Monday, June 1, 2015

Things Suck and That's Okay

Yesterday I admitted that I'm not doing well, and doing so was really empowering for me. I often feel as though I need to put up a front. I feel that if I'm not acting as if everything is fine and I'm happy, then it's going to discredit any work I've done or progress I've made. Actually, it's more that I worry about what other people think. Unfortunately there are people who have me (or really anyone struggling with the same issues I do) under a microscope . They are there to point out my faults as if to say, "see, I told you she hasn't changed."

Admitting that things aren't great right now was such a load off of my shoulders. Because you know what? That's life. Life isn't rainbows and roses all of the time. What's important is that I am taking steps to improve my situation. Of course having a lot of stressors affects me differently than it would someone without BPD. I've noticed certain things I've done recently that to someone who doesn't understand, wouldn't see them as achievements.

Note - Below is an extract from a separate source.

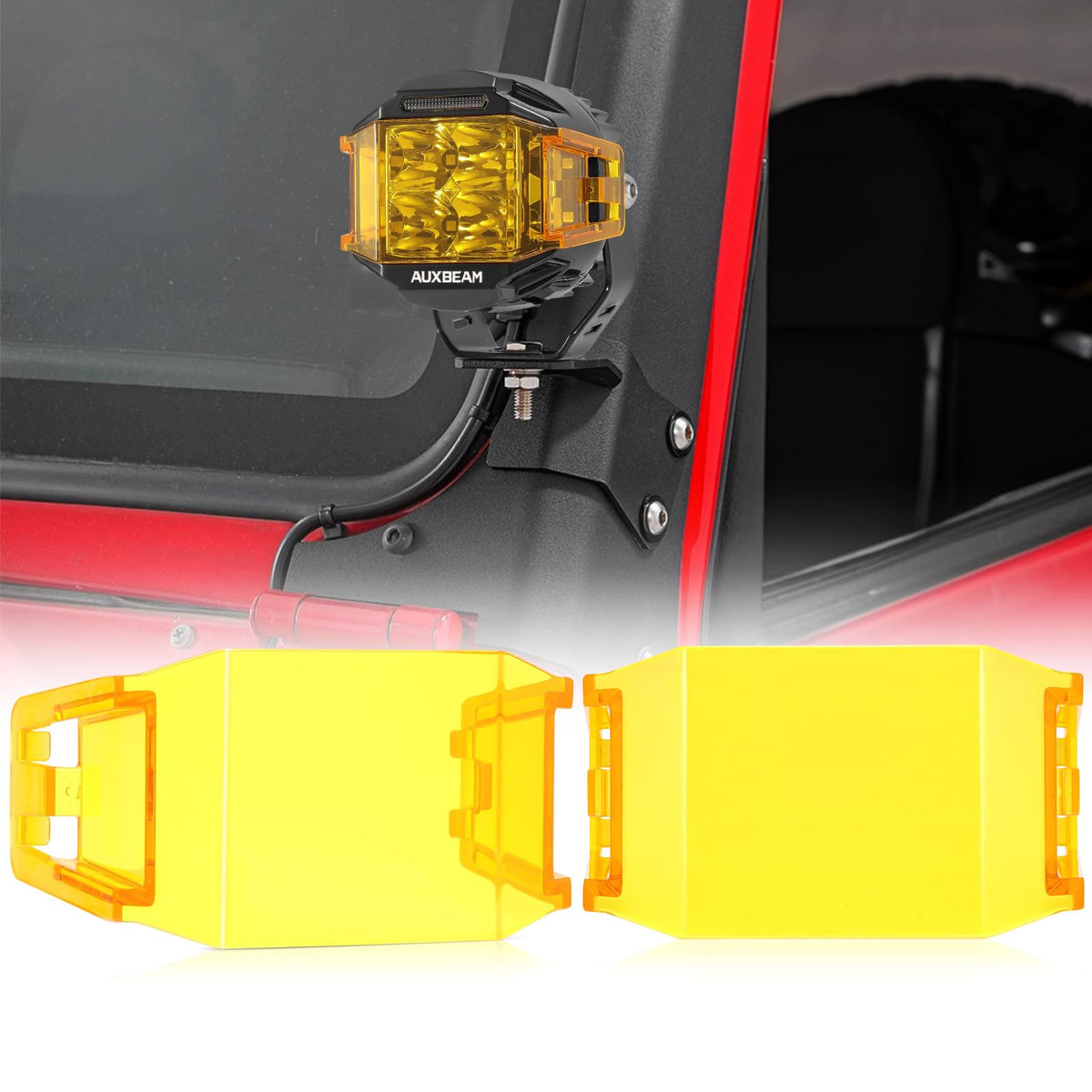 Auxbeam 4 Inch Amber LED Pods Covers, V-MAX Series Side Shooter Polycarbonate Protective Covers, Offroad Driving Work Lens Mask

  1. I have not walked out of my job yet: "Big deal," you're thinking right? Work sucks sometimes, but I'm an adult and need to deal with it. Well, that may be true, but for someone with BPD that's a lot more difficult. As I've talked a lot about in this blog, Borderlines operate in a a very black and white world. Employment is not immune to this. It is not uncommon for someone with BPD to jump from job to job, spontaneously quitting or sabotaging their employment at the first sign of stress. I am certainly a culprit of this. Right now I don't like my job at all, and there have been many times I've thought about walking out, but I haven't. There have been times in the past where that thought would have impulsively become action very easily. Showing the type of self-control I have been is a huge step for me and it shows a really good control of the impulsive nature of someone with Borderline.
  2. I cut myself, and I was okay with it: Wait what? Why would I be okay with cutting myself? Well, technically I'm not. I recognize I shouldn't have done it, but here is where the progress was made. People with BPD often struggle with judging themselves or "judging their judging," In the past after cutting I would go into a spiral of self-hate, guilt, judging; and then I would judge that self-hate, guilt, and judging. This time after I did it, I accepted it and I forgave myself. 
  3. I get into wise mind quicker. To someone who doesn't have or understand BPD it may be difficult to get why it's a note-worthy achievement that I was able to practice skills after an incident.  It's because for me getting back to "baseline" can be really difficult. I tend to "come down" slower, and if I'm even the tiniest bit escalated anything can set me off and catapult me back into melt down mode. It has been pointed out to me that I have an easier time getting into wise mind; a task that at one point was either unattainable or would literally take me days.
I know that people don't really understand why I'm proud of certain achievements. What they don't understand is that the world of a Borderline is a lot different than the world of a non-borderline. The best way I can explain it is this; walking is something that is easy and natural for people, unless you're someone in a wheel chair or even with a broken leg. Mental illness works the same way. Something that seems easy or common sense may not come so natural to a person who is battling with their brain. So it makes sense that a person who feels and experiences things at a frequency that's ten times more intense than the average person who struggle with something like impulsivity. So, like a person who walks again after years of being immobile, a person with BPD who achieves wise mind quickly is worthy of praise.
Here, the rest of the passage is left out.